Here we're using another test string, "tenletters", which happens to be ten letters long. Fun, huh?

This is an excellent example of why custom assertions are valuable. Within a loop (checking a list of values), without a message for the assertEquals(), we would not know the value for which the assertion failed. But in this case, with the custom assertion, we get the output showing the value (10) that failed:

junit.framework.AssertionFailedError: pstr: ''tenletters' (0)'; num: 10 expected:<true> but was:<false>
	at org.incava.text.TestPosString.assertHasNumMore(TestPosString.java:51)
	at org.incava.text.TestPosString.testHasNumMore(TestPosString.java:131)

That actually shows that the test is incorrect: there are only 9 more characters from the initial position in the string. So we change the end of the range from 10 to 9 (that is, the range is 0 through 9), rerun, and the tests pass.
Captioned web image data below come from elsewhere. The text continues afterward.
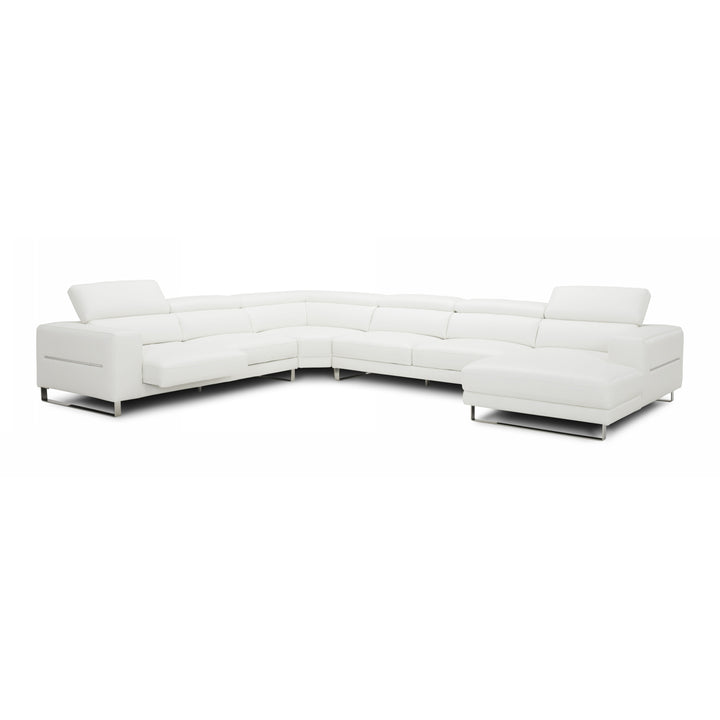 Hawkey - Contemporary White Full Leather U Shaped Sectional Sofa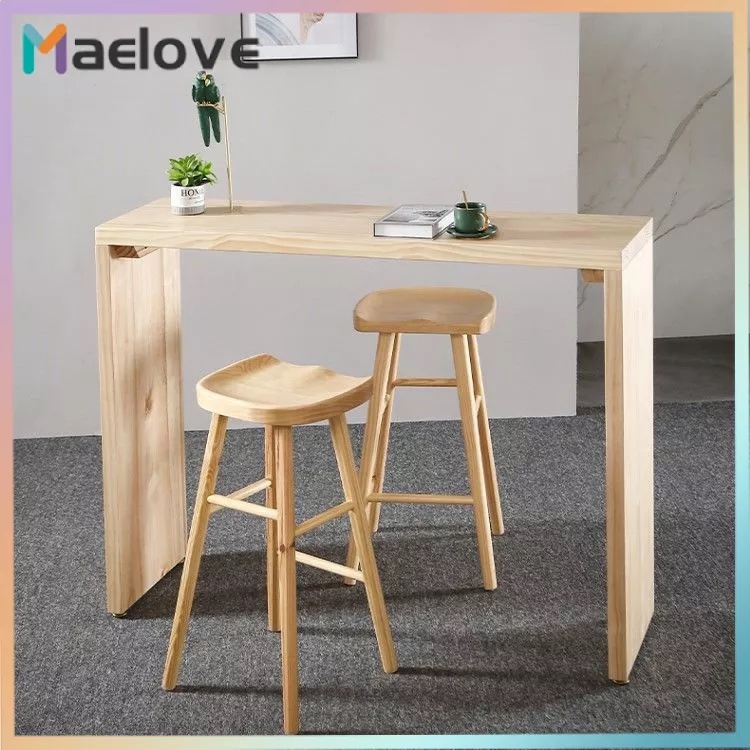 Bar table All solid wood bar table long table nallow table home wall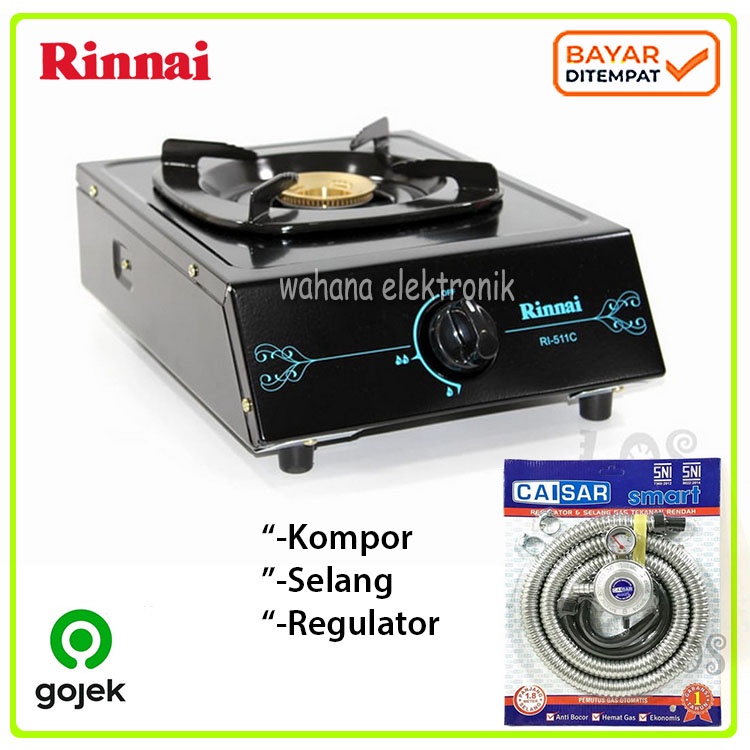 Rinnai RI-301S Kompor Gas 1 Tungku Sun Burner - Paket Caisar Selang Regulator Bisa Gojek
From the old class, we will pull the consume and consumeTo, amending their names and their code, starting with advanceTo, which is derived from the old consumeTo:

    public void advanceTo(String what) {
        while (this.pos < this.len && this.pos + what.length() < this.len && !this.str.substring(this.pos).startsWith(what)) {
            ++this.pos;
        }
    }

    public void testAdvanceTo() {
        assertCurrentChar('a', abc);
        abc.advanceTo("b");
        assertCurrentChar('b', abc);
        abc.advanceTo("c");
        assertCurrentChar('c', abc);
        abc.advanceTo("d");
        assertCurrentChar(null, abc);
    }

That raises another question: what happens when we advance to the end of the string? Should the current character be the last one, or should it be null?

We'll amend it to be null, and clean up the code, which has too long of a conditional (and redundant, with the "pos < len && pos + n < len" statements,
adding a new method, isMatch:

        while (this.pos < this.len && !isMatch(what)) {
            this.pos++;
        }

    public boolean isMatch(String what) {
        return this.pos + what.length() <= this.len && this.str.substring(this.pos).startsWith(what);
    }

Bringing over the old consumeFrom method gives us a chance to use the new isMatch method, for clearer code:

    protected boolean consume(String what) {
        skipBlanks();
        if (this.pos + what.length() < this.len && this.str.substring(this.pos).startsWith(what)) {
            this.pos += what.length();
            return true;
        }
        else {
            return false;
        }
    }

    public boolean advanceFrom(String what) {
        if (isMatch(what)) {
            advancePosition(what.length());
            return true;
        }
        else {
            return false;
        }
    }

This is in keeping with the principle of having fewer dots per line. more dots indicates a violation of the Law Of Demeter, with excessive low-level access to instance variables.

Notice that this method, as we've advanced through the class, is using no instance variables directly. Essentially the class is "coming up" from a low-level implementation closer to the point of how it will be used.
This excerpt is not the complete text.